I learned about the Devils Hole many years ago while I was taking a geology class back in college. Back then, the Professor told my class all of the above facts, and politely suggested that if we were in the area, it would be an amazing thing to see. Like many things, I filed it away for future reference, and when I got to Ash Meadows, I was interested to see what the infamous Devils Hole looked like. In the interests of full disclosure, let me confess the following: I had no idea what the Devils Hole would look like, except for some hazy memories of slides I might have seen a long time ago. I assumed that it would be like parts of Ash Meadows: meaning, an area with a pool of water that I could stare into and maybe see some of the descendants of the original pupfish. I imagined it would look more or less like the picture HERE that the National Park Service provides in describing the area.
While my assumption was actually quite reasonable, and the area no doubt looked that way at some point, the area now resembles a super-max prison, or perhaps the entrance to Area 51 or some other hardened secret government lab. I can only assume that in order to protect the site – and the pupfish within it, the National Park Service decided to surround the area with a fifteen foot high fence that is topped with razor wire. Similarly, I can only assume that the National Park Service also decided to construct the bunker/tunnel viewing area out of a similar desire to protect: a) park visitors; and b) the ecosystem within the Devils Hole. As a big proponent of conservation and wilderness protection, I get the reasons: the Devils Hole is an area with a unique and endangered species that exists nowhere else on the planet. I completely understand that. It is, however, a bit odd to travel through the complex to peer into a darkened cave/hole where you can only glimpse a small amount of water.
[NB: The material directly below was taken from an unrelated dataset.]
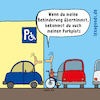 Cartoon: lexatoon Behinderten-Parkplatz (small) by lexatoons tagged lexatoon,behinderten,parkplatz,rollstuhl,behindert,parken,auto,autofahrer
Moreover, if you’re like me, and have an overactive imagination, the whole setup seems strange. Picture this: you’re in the middle of the desert. You’re miles away from any other person. You have no cell service. In fact, as far as you know it, all other life on this planet might have ended for whatever reason. Then, you see it. A small hill with ringed with a black chain link fence, forming some sort of compound. The only way into that compound? A single entrance made out of strong steel on both sides that curves up and around. Would you enter the steel mesh tunnel? Are those voices you hear coming out of the nearby cave/pool of water? Is the Devils Hole called the Devils Hole not because of the extreme 110 degree heat, but because, in reality it is one of the seven gates to Hell on Earth, and the Government/Secret Agency has it locked down, not to protect the “pupfish” but to protect us, the inhabitants of the planet from doom, gloom and endless torment? Or, is this an area that isn’t something supernatural, but something….alien? Doesn’t this strange installation with its strange signs and lack of visitors sound exactly like something from any B-Grade movie that has been released ever?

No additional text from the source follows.